Personal information
- Full name: Víctor Pablo Rodríguez Andrade
- Date of birth: 2 May 1927
- Place of birth: Montevideo, Uruguay
- Date of death: 19 May 1985 (aged 58)
- Place of death: Montevideo, Uruguay
- Height: 1.69 m (5 ft 6+1⁄2 in)
- Position: Halfback

Senior career*
- Years: Team / Apps / (Gls)
- 1945–1951: Central Español
- 1952–1957: Peñarol

International career
- 1947–1957: Uruguay / 42 / (0)

Medal record
Representing Uruguay
FIFA World Cup
| Winner | 1950 Brazil |  |
South American Championship
| Winner | 1956 Uruguay |  |
| Third place | 1947 Ecuador |  |

= Víctor Rodríguez Andrade =

Uruguayan footballer (1927-1985)

Víctor Pablo Rodríguez Andrade (2 May 1927 – 19 May 1985) was an Uruguayan footballer. He was the left halfback of the Uruguay national team that won the 1950 World Cup tournament, after defeating Brazil in the decisive match.

He was the nephew of another Uruguayan international player, José Leandro Andrade, who was also a World Cup winner, having played for the Uruguay squad that won the first ever edition in 1930.
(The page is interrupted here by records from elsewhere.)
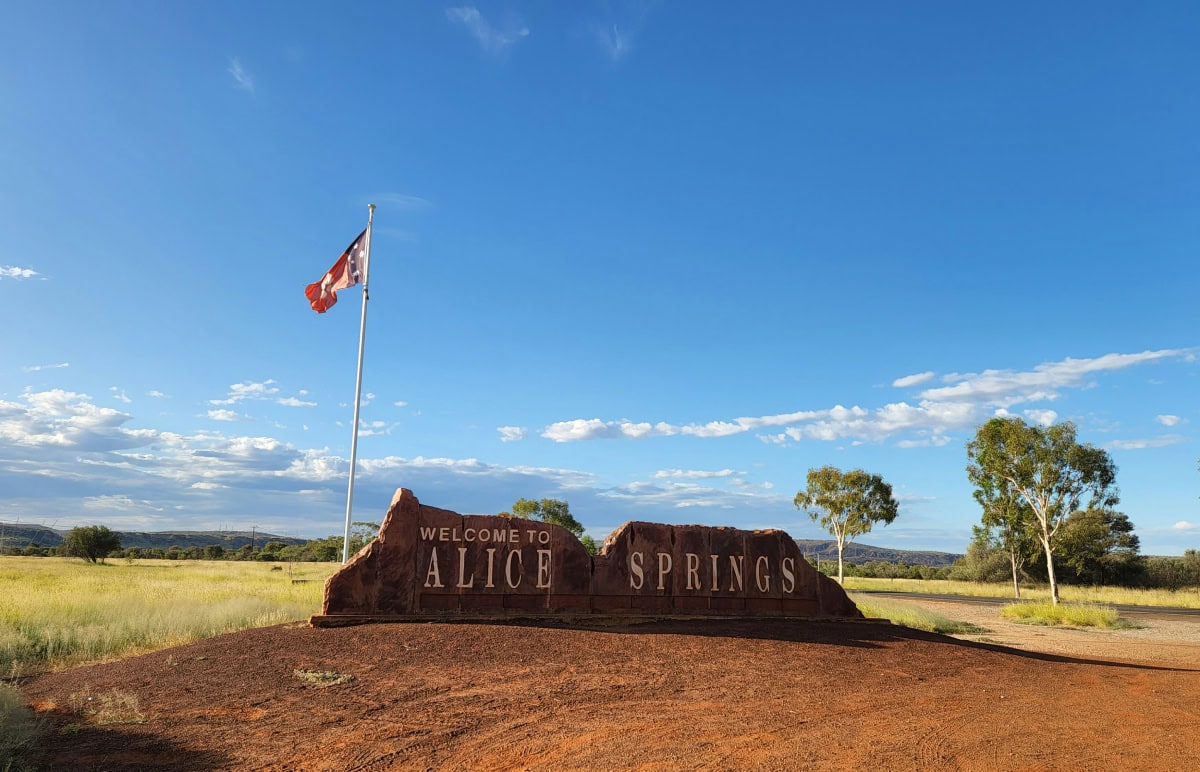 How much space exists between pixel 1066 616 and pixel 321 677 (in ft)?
77.0

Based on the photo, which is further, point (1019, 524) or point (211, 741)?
point (1019, 524)

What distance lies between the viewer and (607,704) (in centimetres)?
794

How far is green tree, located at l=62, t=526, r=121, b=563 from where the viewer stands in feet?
161

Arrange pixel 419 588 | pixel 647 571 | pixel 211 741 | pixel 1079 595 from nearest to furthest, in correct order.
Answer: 1. pixel 211 741
2. pixel 419 588
3. pixel 647 571
4. pixel 1079 595

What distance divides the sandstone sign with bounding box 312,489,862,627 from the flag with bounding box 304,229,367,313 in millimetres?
10973

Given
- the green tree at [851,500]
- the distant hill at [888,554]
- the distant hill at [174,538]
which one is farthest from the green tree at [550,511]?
the distant hill at [888,554]

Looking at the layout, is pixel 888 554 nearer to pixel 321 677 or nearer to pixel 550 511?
pixel 550 511

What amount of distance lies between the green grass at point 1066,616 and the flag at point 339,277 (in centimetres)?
2330

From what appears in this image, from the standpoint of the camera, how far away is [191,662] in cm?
955

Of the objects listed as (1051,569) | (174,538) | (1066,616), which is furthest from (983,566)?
(174,538)

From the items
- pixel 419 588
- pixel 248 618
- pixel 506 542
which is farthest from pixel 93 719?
pixel 248 618

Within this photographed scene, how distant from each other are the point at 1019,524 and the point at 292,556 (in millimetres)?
51267

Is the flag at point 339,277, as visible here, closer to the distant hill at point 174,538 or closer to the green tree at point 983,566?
the green tree at point 983,566

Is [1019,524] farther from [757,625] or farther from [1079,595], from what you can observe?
[757,625] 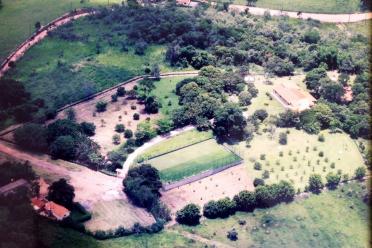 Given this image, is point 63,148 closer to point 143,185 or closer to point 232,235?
point 143,185

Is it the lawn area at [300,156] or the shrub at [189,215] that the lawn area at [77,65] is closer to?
the lawn area at [300,156]

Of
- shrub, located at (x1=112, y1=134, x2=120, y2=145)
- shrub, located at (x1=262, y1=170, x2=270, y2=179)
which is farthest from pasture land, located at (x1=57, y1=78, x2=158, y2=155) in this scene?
shrub, located at (x1=262, y1=170, x2=270, y2=179)

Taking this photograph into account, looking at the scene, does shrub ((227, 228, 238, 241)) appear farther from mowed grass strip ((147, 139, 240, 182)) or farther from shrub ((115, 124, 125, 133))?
shrub ((115, 124, 125, 133))

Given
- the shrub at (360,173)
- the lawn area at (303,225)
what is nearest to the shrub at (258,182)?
the lawn area at (303,225)

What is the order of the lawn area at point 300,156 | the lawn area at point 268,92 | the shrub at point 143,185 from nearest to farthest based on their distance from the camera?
the shrub at point 143,185
the lawn area at point 300,156
the lawn area at point 268,92

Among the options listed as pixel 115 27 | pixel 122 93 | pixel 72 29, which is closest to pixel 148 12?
pixel 115 27

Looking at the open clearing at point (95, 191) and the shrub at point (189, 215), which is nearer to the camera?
the open clearing at point (95, 191)

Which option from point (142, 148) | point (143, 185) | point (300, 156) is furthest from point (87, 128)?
point (300, 156) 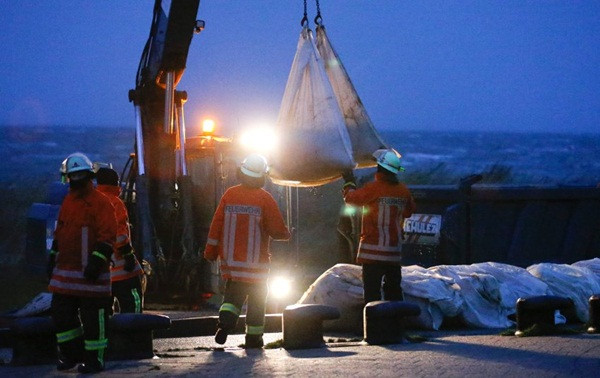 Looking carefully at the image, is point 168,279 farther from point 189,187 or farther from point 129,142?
point 129,142

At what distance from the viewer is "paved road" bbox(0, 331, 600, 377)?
892 centimetres

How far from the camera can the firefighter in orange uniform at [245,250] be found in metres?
11.6

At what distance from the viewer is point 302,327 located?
11.2 metres

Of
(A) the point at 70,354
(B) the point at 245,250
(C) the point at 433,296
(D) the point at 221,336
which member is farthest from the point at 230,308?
(C) the point at 433,296

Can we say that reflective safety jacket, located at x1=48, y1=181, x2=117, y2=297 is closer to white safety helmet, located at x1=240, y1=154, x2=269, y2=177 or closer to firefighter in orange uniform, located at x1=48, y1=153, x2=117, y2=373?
firefighter in orange uniform, located at x1=48, y1=153, x2=117, y2=373

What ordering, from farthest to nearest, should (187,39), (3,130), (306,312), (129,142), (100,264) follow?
(3,130)
(129,142)
(187,39)
(306,312)
(100,264)

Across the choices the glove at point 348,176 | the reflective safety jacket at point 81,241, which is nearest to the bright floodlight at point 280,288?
the glove at point 348,176

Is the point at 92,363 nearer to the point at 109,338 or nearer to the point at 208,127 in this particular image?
the point at 109,338

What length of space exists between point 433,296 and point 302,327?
102 inches

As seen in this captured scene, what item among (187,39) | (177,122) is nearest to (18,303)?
(177,122)

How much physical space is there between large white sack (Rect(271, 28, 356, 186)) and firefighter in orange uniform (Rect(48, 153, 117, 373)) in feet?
12.7

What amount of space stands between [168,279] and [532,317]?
23.5ft

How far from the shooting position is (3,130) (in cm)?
10669

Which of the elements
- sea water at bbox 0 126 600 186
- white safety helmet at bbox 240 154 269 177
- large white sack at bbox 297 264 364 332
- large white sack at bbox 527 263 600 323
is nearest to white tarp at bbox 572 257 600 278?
large white sack at bbox 527 263 600 323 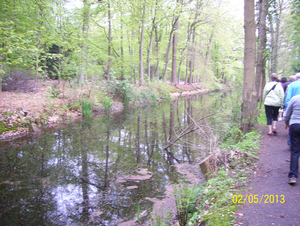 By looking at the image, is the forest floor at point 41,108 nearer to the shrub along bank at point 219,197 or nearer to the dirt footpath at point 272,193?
the shrub along bank at point 219,197

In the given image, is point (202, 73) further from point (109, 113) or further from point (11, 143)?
point (11, 143)

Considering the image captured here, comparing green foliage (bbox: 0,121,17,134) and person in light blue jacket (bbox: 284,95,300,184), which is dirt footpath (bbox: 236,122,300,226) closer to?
person in light blue jacket (bbox: 284,95,300,184)

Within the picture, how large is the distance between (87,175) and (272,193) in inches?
147

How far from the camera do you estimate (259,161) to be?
14.3 feet

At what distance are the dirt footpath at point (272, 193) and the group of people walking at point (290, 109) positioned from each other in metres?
0.27

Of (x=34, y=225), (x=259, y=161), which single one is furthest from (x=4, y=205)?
(x=259, y=161)

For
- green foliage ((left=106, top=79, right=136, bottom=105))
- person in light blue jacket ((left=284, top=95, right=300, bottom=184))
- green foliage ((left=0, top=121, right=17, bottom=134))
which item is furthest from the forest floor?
person in light blue jacket ((left=284, top=95, right=300, bottom=184))

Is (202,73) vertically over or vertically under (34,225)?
over

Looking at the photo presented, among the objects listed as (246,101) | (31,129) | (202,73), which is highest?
(202,73)

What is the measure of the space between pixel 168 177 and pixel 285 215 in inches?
102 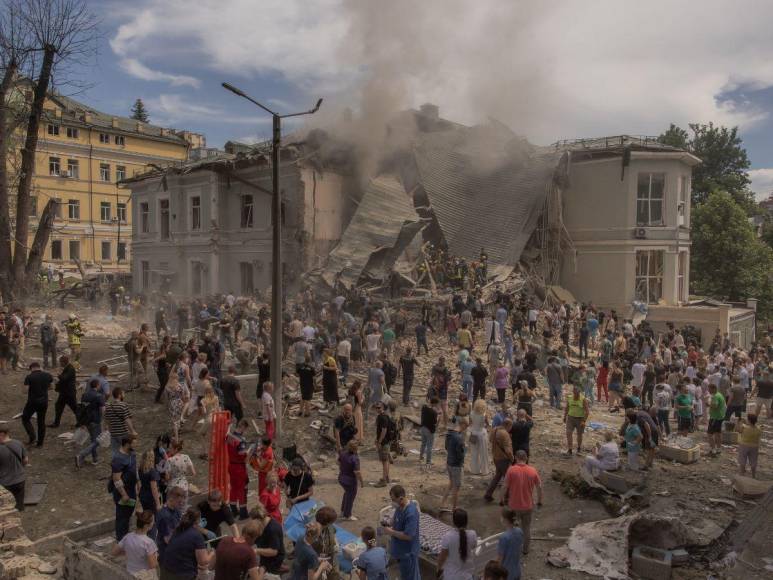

Rodríguez Andrade also played at the 1954 World Cup and won the 1956 South American Championship with Uruguay, and at the club level, he won two Uruguayan First Division titles with C.A. Peñarol. He is regarded as one of the finest midfielders ever.

==Early life and career==

Born in the Barrio Sur of Montevideo, Víctor Rodríguez came to the world into a family that proudly revered the name of his uncle, José Leandro Andrade. His admiration for his uncle and the naming customs made him use both last names; he drew comparisons with "The Black Marvel", not only because he was his relative, but also because they both played on the wing (although Andrade played in the right flank). Thus, the name Rodríguez Andrade would universally remain used when referring to the left midfielder, and sometimes he is even referred to simply as Andrade.

Growing up, Rodríguez played on the streets of Barrio Sur and Barrio Palermo. He began his footballing career at Central Fútbol Club, from the latter neighbourhood, and during his time at that club, he earned his first call up to the national team, in 1947. Remembered as one of the emblematic figures of the club in its first 100 years, he remained at Central until 1952, the year he joined Peñarol, with whom he won the Uruguayan Championship in 1953 and 1954.

==International career==
Rodríguez Andrade wore the Uruguayan jersey from December 1947 to May 1957. He participated at the World Cup finals of 1950 and 1954, as well as the South American Championships of 1947 (his first official international tournament), 1953, and 1956. He earned a total of 42 caps for La Celeste with no goals.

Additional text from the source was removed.